Ah, a voice of sanity! As I semi-muttered elsewhere, Meat Loaf is Springsteen as Broadway show tunes self-consciously instead of unintentionally, thus Mr. Loaf´s brilliance.

Ned Raggett (Ned), Wednesday, 21 July 2004 17:33 (nineteen years ago) link

ned quit hatin' on vacation!

- "southside johnny"

M@tt He1geson (Matt Helgeson), Wednesday, 21 July 2004 17:47 (nineteen years ago) link

What do you mean? I LOVE vacation!

Ned Raggett (Ned), Wednesday, 21 July 2004 17:48 (nineteen years ago) link

he maintained that Bruce conflated the '50s and '60s in a totally dishonest and disgusting way.

how so?

Meat Loaf is Springsteen as Broadway show tunes self-consciously instead of unintentionally

been out in that south american sunshine a bit too long today, ned?

lauren (laurenp), Wednesday, 21 July 2004 18:06 (nineteen years ago) link

ned i don't actually think you're engaging with springsteen, as opposed to the popular image of springsteen. i know you will say you've listened to such and such an album "x" many times, but i still think you are not engaging his body of work.

But I'm no fan of America's heartland or its prophets in any way

i don't know what this means. it has little or nothing to do with springsteen's body of work.

amateur!st (amateurist), Wednesday, 21 July 2004 18:20 (nineteen years ago) link

i mean you can reify this idea of the "heartland" and its pitfalls all you want, but springsteen's body of work is essentially something else, and you won't be engaging with it. but i repeat myself. ad infinitum.

amateur!st (amateurist), Wednesday, 21 July 2004 18:22 (nineteen years ago) link

i guess to be fair

ned:springsteen::me:smashing pumpkins

(except i'm right)

amateur!st (amateurist), Wednesday, 21 July 2004 18:35 (nineteen years ago) link

"Now I work down at the car wash/ Where all it ever does is rain..."

that hits on exactly what i don't like about springsteen in the '90s and beyond. yeah, that particular song was 1984, but he'd been planting the seeds of the problem for a while. the problem being his really awful use of overused, overworked, high-school literary cliches, which reached a sad peak on "human touch" and "lucky town." rain. birds. rivers. over and over and over. blah blah blah. he telegraphs his intended meaning in such a ham-handed way that if he were a basketball player, every pass he ever threw would be stolen.
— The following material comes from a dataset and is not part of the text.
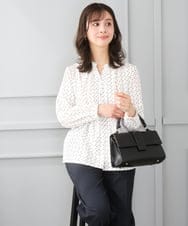 F1BGD39150 MK MICHEL KLEIN(小さいサイズ)(メゾン ドゥ サンク) 【小さいサイズ】ミニトライアングル幾何柄ブラウス/接触冷感/UVカット/洗濯機で洗える ネイビー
fact checking cuz (fcc), Wednesday, 21 July 2004 18:41 (nineteen years ago) link

But that line's a gag! Maybe not a good one or something, but I think it's supposed to be funny...

spittle (spittle), Wednesday, 21 July 2004 18:48 (nineteen years ago) link

I'm not sure I can exactly define it as a classic, or even a quality record, but The Rising hasn't really been off my playlist since it came out. Anyone?

Chuck Tatum (Chuck Tatum), Wednesday, 21 July 2004 18:48 (nineteen years ago) link

But that line's a gag!

hmm, can't say i've ever heard any humor in his delivery. but in either case, it's the later stuff that bugs me a lot more.

fact checking cuz (fcc), Wednesday, 21 July 2004 18:51 (nineteen years ago) link

i mean, i hear LOTS of humor in other springsteen songs, just not that particular one.

fact checking cuz (fcc), Wednesday, 21 July 2004 18:52 (nineteen years ago) link

Fair enough. I do think he gets tagged with more po-facedness than he deserves. But I also think his own image-building contributed to that, so I guess he can't cry foul too much about it.

spittle (spittle), Wednesday, 21 July 2004 19:02 (nineteen years ago) link

Erm, The Rising...maybe I should give it another chance. At the time, it struck me as trying way too hard (which can be one of his major faults). The intentions were good and heartfelt and all, but I'm not sure you can will into being the kind of record he was trying to make.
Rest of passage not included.